_To do_.
This task calls for printing every entry exactly.

_Data records_.
Segment Open
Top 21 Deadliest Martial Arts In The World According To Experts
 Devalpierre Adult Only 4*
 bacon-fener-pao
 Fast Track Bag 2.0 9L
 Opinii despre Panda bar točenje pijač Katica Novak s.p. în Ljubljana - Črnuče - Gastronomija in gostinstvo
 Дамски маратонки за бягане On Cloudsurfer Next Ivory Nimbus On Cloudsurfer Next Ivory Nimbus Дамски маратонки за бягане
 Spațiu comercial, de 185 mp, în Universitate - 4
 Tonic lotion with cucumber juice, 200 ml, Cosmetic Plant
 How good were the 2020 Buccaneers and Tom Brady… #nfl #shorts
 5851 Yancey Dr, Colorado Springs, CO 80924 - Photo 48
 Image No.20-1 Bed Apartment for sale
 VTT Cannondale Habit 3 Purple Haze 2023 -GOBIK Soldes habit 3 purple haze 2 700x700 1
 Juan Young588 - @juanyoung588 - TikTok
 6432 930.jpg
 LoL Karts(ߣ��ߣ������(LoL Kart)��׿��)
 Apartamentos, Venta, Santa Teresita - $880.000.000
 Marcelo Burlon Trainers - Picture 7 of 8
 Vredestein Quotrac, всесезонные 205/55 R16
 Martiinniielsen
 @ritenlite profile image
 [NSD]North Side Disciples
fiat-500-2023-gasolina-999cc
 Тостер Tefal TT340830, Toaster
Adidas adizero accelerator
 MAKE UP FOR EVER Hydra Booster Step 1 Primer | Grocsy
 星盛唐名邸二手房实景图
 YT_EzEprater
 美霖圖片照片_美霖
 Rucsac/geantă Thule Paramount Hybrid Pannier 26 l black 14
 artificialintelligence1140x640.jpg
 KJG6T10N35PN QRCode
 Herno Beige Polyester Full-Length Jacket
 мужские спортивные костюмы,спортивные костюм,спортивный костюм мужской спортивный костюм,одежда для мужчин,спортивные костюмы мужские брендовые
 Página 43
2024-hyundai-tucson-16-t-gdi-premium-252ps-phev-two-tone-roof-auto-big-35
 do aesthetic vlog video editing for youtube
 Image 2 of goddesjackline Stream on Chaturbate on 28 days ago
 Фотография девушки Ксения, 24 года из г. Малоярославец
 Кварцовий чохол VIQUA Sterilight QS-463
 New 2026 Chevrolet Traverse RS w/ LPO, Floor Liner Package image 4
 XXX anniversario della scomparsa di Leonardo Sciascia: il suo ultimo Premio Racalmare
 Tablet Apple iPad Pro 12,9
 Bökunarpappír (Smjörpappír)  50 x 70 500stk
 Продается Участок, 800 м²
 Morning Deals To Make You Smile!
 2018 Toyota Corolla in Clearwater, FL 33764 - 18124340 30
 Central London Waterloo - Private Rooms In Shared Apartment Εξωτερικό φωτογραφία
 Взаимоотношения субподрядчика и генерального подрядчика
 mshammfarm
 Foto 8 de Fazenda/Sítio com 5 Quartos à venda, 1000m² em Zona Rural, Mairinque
Segment Closed
_Task response_.
Top 21 Deadliest Martial Arts In The World According To Experts
 Devalpierre Adult Only 4*
 bacon-fener-pao
 Fast Track Bag 2.0 9L
 Opinii despre Panda bar točenje pijač Katica Novak s.p. în Ljubljana - Črnuče - Gastronomija in gostinstvo
 Дамски маратонки за бягане On Cloudsurfer Next Ivory Nimbus On Cloudsurfer Next Ivory Nimbus Дамски маратонки за бягане
 Spațiu comercial, de 185 mp, în Universitate - 4
 Tonic lotion with cucumber juice, 200 ml, Cosmetic Plant
 How good were the 2020 Buccaneers and Tom Brady… #nfl #shorts
 5851 Yancey Dr, Colorado Springs, CO 80924 - Photo 48
 Image No.20-1 Bed Apartment for sale
 VTT Cannondale Habit 3 Purple Haze 2023 -GOBIK Soldes habit 3 purple haze 2 700x700 1
 Juan Young588 - @juanyoung588 - TikTok
 6432 930.jpg
 LoL Karts(ߣ��ߣ������(LoL Kart)��׿��)
 Apartamentos, Venta, Santa Teresita - $880.000.000
 Marcelo Burlon Trainers - Picture 7 of 8
 Vredestein Quotrac, всесезонные 205/55 R16
 Martiinniielsen
 @ritenlite profile image
 [NSD]North Side Disciples
fiat-500-2023-gasolina-999cc
 Тостер Tefal TT340830, Toaster
Adidas adizero accelerator
 MAKE UP FOR EVER Hydra Booster Step 1 Primer | Grocsy
 星盛唐名邸二手房实景图
 YT_EzEprater
 美霖圖片照片_美霖
 Rucsac/geantă Thule Paramount Hybrid Pannier 26 l black 14
 artificialintelligence1140x640.jpg
 KJG6T10N35PN QRCode
 Herno Beige Polyester Full-Length Jacket
 мужские спортивные костюмы,спортивные костюм,спортивный костюм мужской спортивный костюм,одежда для мужчин,спортивные костюмы мужские брендовые
 Página 43
2024-hyundai-tucson-16-t-gdi-premium-252ps-phev-two-tone-roof-auto-big-35
 do aesthetic vlog video editing for youtube
 Image 2 of goddesjackline Stream on Chaturbate on 28 days ago
 Фотография девушки Ксения, 24 года из г. Малоярославец
 Кварцовий чохол VIQUA Sterilight QS-463
 New 2026 Chevrolet Traverse RS w/ LPO, Floor Liner Package image 4
 XXX anniversario della scomparsa di Leonardo Sciascia: il suo ultimo Premio Racalmare
 Tablet Apple iPad Pro 12,9
 Bökunarpappír (Smjörpappír)  50 x 70 500stk
 Продается Участок, 800 м²
 Morning Deals To Make You Smile!
 2018 Toyota Corolla in Clearwater, FL 33764 - 18124340 30
 Central London Waterloo - Private Rooms In Shared Apartment Εξωτερικό φωτογραφία
 Взаимоотношения субподрядчика и генерального подрядчика
 mshammfarm
 Foto 8 de Fazenda/Sítio com 5 Quartos à venda, 1000m² em Zona Rural, Mairinque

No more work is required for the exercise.